▶ [Directions for this task]
Output only the stretch of the listing that starts at the line containing "El conmovedor primer" and ends at the line containing "Wallpaper Mural 郷土の森梅園に春の訪れ", reproduced exactly with both ends.

Start of Records for this exercise

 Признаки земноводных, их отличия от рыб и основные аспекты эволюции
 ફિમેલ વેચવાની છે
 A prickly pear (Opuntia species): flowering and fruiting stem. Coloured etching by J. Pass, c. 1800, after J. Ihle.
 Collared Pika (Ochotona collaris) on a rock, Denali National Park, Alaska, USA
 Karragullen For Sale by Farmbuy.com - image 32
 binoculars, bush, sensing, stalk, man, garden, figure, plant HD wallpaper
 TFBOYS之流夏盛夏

End of Records for this exercise
Start of Records for this exercise

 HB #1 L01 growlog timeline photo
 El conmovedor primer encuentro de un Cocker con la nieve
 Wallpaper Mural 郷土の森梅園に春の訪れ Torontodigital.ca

End of Records for this exercise

▶ [Response below]
 El conmovedor primer encuentro de un Cocker con la nieve
 Wallpaper Mural 郷土の森梅園に春の訪れ Torontodigital.ca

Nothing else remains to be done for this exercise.